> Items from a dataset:
---*---

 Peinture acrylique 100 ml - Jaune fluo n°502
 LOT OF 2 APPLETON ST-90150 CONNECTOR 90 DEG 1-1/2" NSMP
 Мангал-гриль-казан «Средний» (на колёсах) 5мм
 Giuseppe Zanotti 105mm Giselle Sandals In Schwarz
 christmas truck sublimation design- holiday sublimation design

---*---

> WHAT THE TASK ASKS:
Would you mind copying all of the records exactly?

> TASK OUTPUT:
 Peinture acrylique 100 ml - Jaune fluo n°502
 LOT OF 2 APPLETON ST-90150 CONNECTOR 90 DEG 1-1/2" NSMP
 Мангал-гриль-казан «Средний» (на колёсах) 5мм
 Giuseppe Zanotti 105mm Giselle Sandals In Schwarz
 christmas truck sublimation design- holiday sublimation design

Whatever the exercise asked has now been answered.